Jonah: Mommy, I pooped.
Me: Put semi-sleeping baby that really needed another couple minutes of nursing down in bed and hope she stays asleep while I rush out and wipe things that need wiping.
Norah: stirring, falls back asleep
Me: Okay, a miracle, fix a drink, send this quick email and then I can read my book in peace for a few minutes while kids color and then try to write that blog post.
Me: fix a drink (chai latte for the win!)
two seconds later...
Lucy: He's hogging all the colors!
Jonah: I want them (he doesn't even try to deny it).
Me: Get up and review oil pastel rules, return to drink, take one sip
two seconds later...
Lucy: He's calling my picture nasty!
Jonah: Because I don't like it!
Me:Get up and review kind words rules (#1 - We do not hurt one another with unkind words or deeds and #2 If you have nothing nice to say, don't say anything at all and #3 Don't ask someone their opinion if you don't want it (and if they are a little turd of a toddler, okay, that one was just in my head)
two seconds later...
Me: Return to computer, take another sip
Me: Finally send email - after reviewing meeting minutes and converting documents to pdf and double checking some info.
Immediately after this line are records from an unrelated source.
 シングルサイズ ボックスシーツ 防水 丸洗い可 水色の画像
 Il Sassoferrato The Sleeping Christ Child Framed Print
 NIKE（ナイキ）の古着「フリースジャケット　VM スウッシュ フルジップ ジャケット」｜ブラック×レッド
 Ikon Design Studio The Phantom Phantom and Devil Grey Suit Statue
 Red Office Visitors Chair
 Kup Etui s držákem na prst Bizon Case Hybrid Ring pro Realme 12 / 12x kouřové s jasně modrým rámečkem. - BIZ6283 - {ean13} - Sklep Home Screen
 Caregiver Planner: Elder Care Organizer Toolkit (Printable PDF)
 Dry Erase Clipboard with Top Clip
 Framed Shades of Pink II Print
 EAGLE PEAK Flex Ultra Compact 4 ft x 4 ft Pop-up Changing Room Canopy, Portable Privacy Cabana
So, not very quickly at all.
Me: Okay, now I can sit on the couch for a second and drink my now cold drink.
two seconds later...
Norah: Babababa - aka, the universal sign that the baby is no longer asleep.

Oh well, those two sips were quite nice. And actual, right now the kids are coloring semi-nicely. I mean, yes, there is an argument about how much glue exactly is "dot, dot, not a lot" but I'm not getting involved yet. The baby is enjoying playing with/sucking on my already broken headphones so I'm just letting her. And this blog post is getting written although it was meant to be a book review and as you can see, it is not.
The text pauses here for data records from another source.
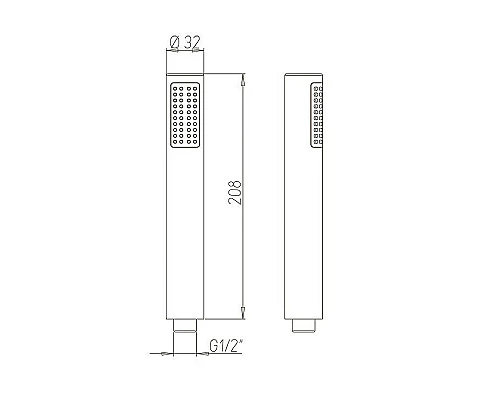 Заказать Ручной душ Paini Pixel/Morgana/Pad 81CR155 Хром в магазине сантехники Santeh-Crystal.ru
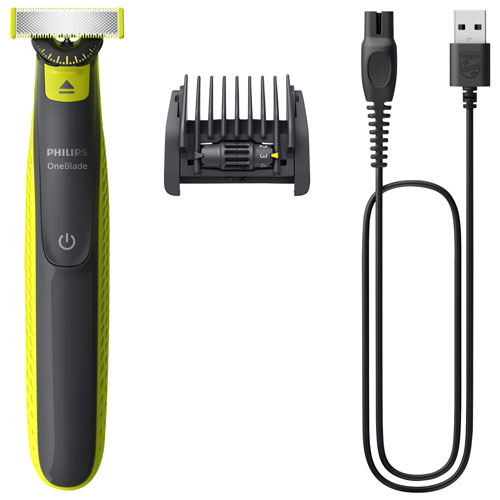 Image 1 de 10.. Rasoir/tondeuse pour le visage/peau humide et sèche OneBlade 360 de Philips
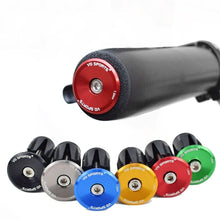Load image into Gallery viewer, 1 Pair Road Folding Bike Handlebar Grip Ends Cap Racing Cycling Handle Bar Plugs Outdoor Cycling Aluminum Bike Handlebar End Plugs Expanding Locking Bar End Caps For Road Bike Mountain Bike

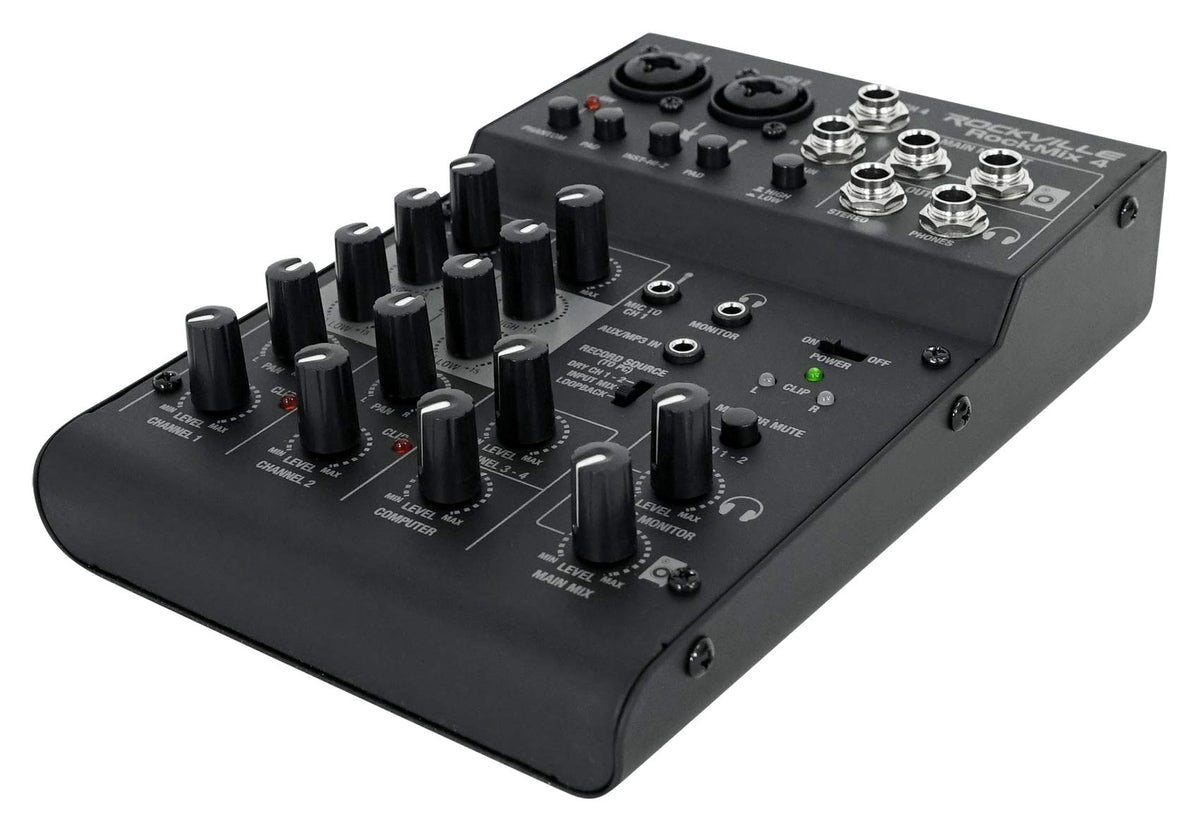 4-Channel Pro Recording Mixer with USB Interface O324105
Overall, the break has been good. I've gotten my entire fall cleaning list done and only added three tasks to Craig's in the process. (Things like replace the bathroom doorknob with one that I can easily unlock from the outside, ahem). And I was really ambitious when I wrote it, even including moving the fridge to vacuum behind it and washing the curtains. I didn't think I'd get to everything but just doing a couple a day we plowed through. This week we've got birthday plans for the soon to be four year old, a couple more adventure days and I'll be attempting to put a few freezer meals up for those crazy days that will come.
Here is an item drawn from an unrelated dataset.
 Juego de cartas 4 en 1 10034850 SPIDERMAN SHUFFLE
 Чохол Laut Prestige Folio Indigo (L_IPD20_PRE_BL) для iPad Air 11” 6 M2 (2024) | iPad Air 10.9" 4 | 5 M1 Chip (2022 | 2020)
And then Term 3! I think I'm ready, kinda-sorta. We ended up having a lot more outside the house things that I planned for this fall. They've already started so I'm not sure if also having school will make it easier since the rest of the day's routine will be in place, or if they stress they are causing me will be the many straws that break my back and I'll be wishing it was December already. None of them are big in and of themselves but they add up and now Craig's got a couple work trips that I wasn't expecting and this momma is feeling overwhelmed. It's probably partly caused by the fact that I spent yesterday putting lots of things on my calendar. I have to keep reminding myself not to borrow worry. Today is fine, tomorrow is too. And look, I even wrote a blog post today!

1 comment :

  1. You should have seen me at co-op today. I had a baby escaping down a hallway, a preschooler poop emergency, and multiple parents wanting to tell me about things going wrong. (I'm a board member at our co-op now.)
    It was so ridiculous all I could do was laugh. (Did I mention there was poop on the FLOOR at one point?)